Il meccanismo Le opere pubbliche sotto la scure del patto di stabilità

Il patto di stabilità, che punta a tenere sotto controllo l’indebitamento degli enti locali, si è abbattuto come una scure sui bilanci comunali. E tanti sindaci lombardi hanno dovuto rinunciare a numerosi progetti richiesti dai cittadini per rientrare nelle spese e far quadrare i conti di fine anno. Tuttavia il 15 per cento dei comuni della regione non ce l’ha fatta, non è riuscito a rientrare nei parametri del patto. Ha sforato i limiti non certo per sprechi o negligenza ma per pagare le aziende o completare investimenti per la realizzazione di opere attese dai propri cittadini. Dal 2003 al 2007 gli investimenti sono diminuiti del 18 per cento.
«Nel 2010 - spiega Ettore Fusco, sindaco di Opera, alle porte di Milano - gli ulteriori tagli ai trasferimenti avranno come effetto quello di veder aumentare il numero dei comuni che non rispetteranno il patto e un’ulteriore riduzione del 30 per cento degli investimenti».
In questo modo diventa difficile per tanti sindaci dell’hinterland «dare una mano alle famiglie in difficoltà e far ritrovare all’economia un po’ di slancio». Un conto sono i Comuni spreconi, un altro conto sono quelli che lavorano seriamente ma che non si vedono più arrivare risorse da investire. «Il patto di stabilità - spiegano i vertici dell’Anci - e i tagli ai trasferimenti mettono in seria difficoltà i sindaci.

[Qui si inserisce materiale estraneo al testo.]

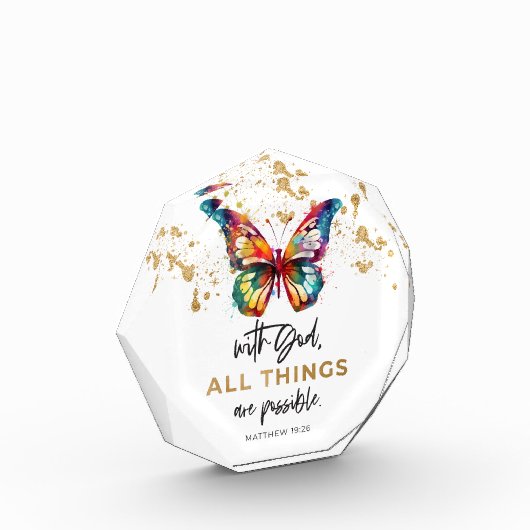 マタイ19:26万物は可能な蝶 フォトブロック (左)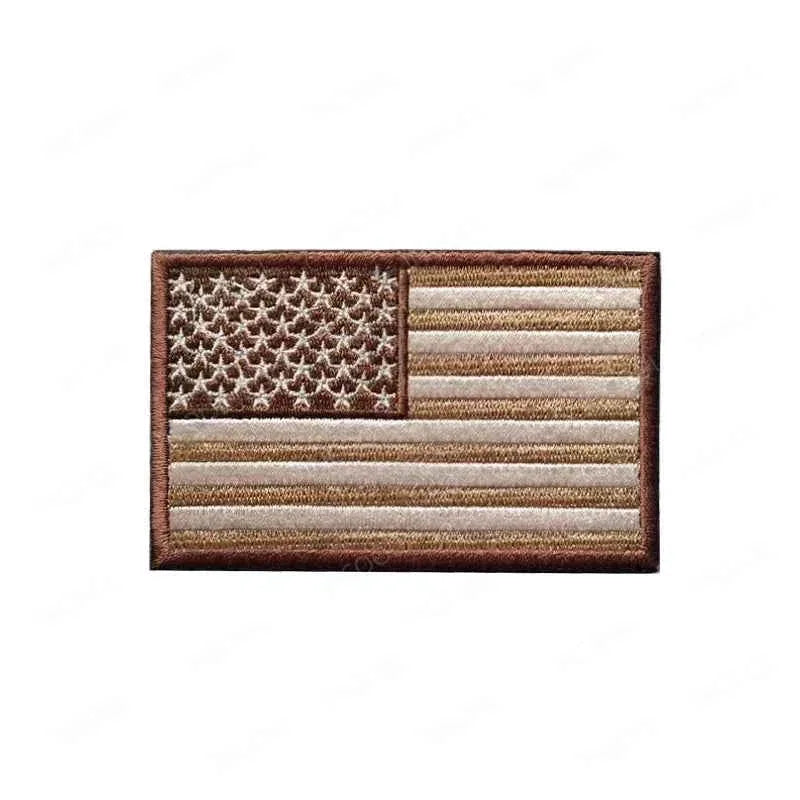 US Flag Embroidered Patch in tan and brown colors for tactical gear and uniforms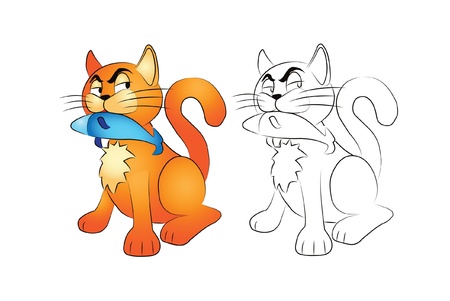 Cartoon cat with fish isolated on whiteのイラスト素材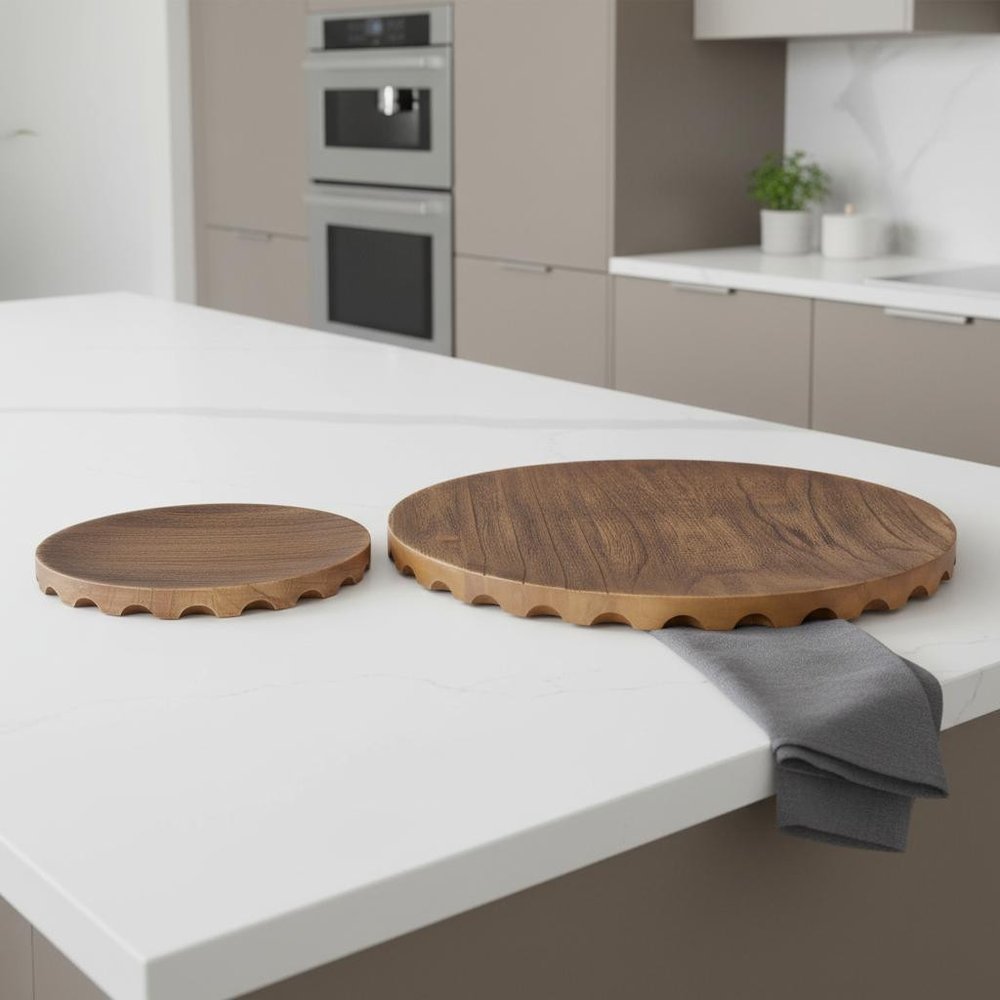 Set of Two Natural Light Brown Round Wood Handmade Serving Trays  Warm Home View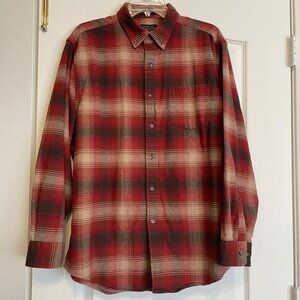 Pendleton Shirt Mens Sz Large Flannel Red Plaid Mason Long Sleeve Outdoor Casual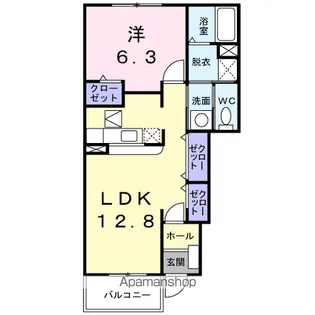 サニーコートA【1階】の間取り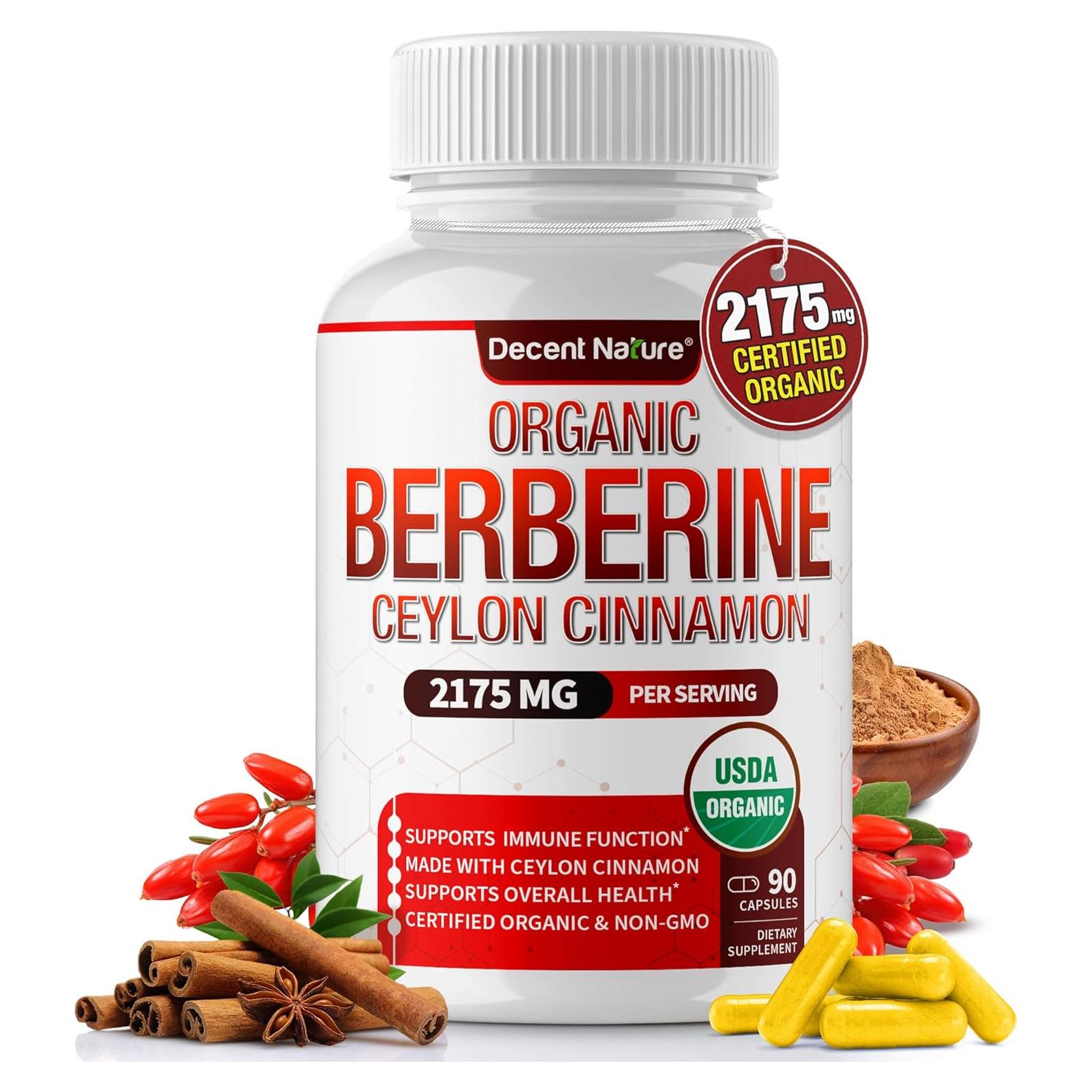 Berberina Orgánica con Canela de Ceilán 2175mg - Decent Nature 90 Cápsulas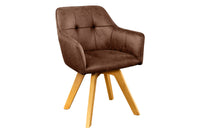 LOFT design chair swivel frame made of solid beech wood with armrest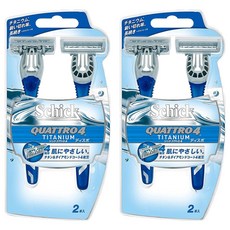 舒適牌 Schick 創4紀鈦輕便型刮鬍刀組, 含荷荷芭油 蘆薈 維他命E, 2支, 2組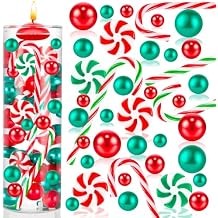 120 Pcs Christmas Vase Filler, Floating Green Red Fake Candy Cane Beads Pearls for Vases for Table Decorations Centerpieces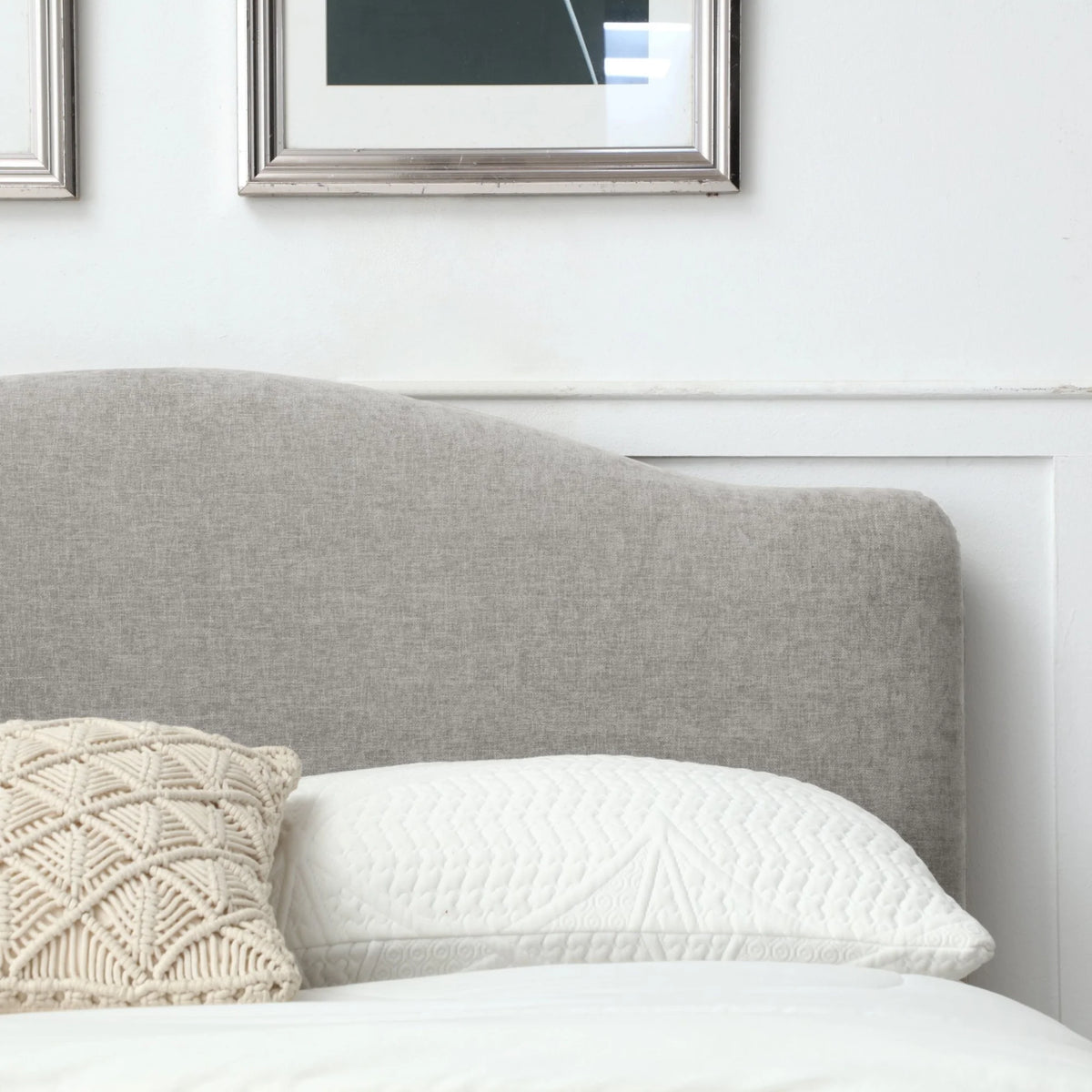 Asher Grey Chenille Ottoman Bed – close-up of upholstered headboard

Così non si riducono i veri sprechi ma si tagliano le risorse e, in alcuni casi, si impedisce di investire i soldi ancora a disposizione: manca un vero federalismo fiscale». Mentre i Comuni lombardi sono in ginocchio, al sud «continua la pacchia - accusa Attilio Fontana, presidente Anci - come dimostrano tutte le somme distribuite a Palermo, Catania e, di recente, al Comune di Roma».